(Problem details):
Each line from the one that has "2022 Jeep Wrangler Unlimited Rubicon AWD" through the end of the entries below must be written out exactly; leave out all other lines.

(Data supplied):

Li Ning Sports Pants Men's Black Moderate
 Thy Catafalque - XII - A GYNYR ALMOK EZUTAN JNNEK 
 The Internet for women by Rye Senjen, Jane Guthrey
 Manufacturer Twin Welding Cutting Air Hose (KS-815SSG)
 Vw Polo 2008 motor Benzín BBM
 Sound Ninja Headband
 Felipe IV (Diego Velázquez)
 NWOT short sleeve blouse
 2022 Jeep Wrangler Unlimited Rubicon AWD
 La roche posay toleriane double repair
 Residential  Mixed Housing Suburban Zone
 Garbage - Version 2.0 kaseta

(Task answer):
 2022 Jeep Wrangler Unlimited Rubicon AWD
 La roche posay toleriane double repair
 Residential  Mixed Housing Suburban Zone
 Garbage - Version 2.0 kaseta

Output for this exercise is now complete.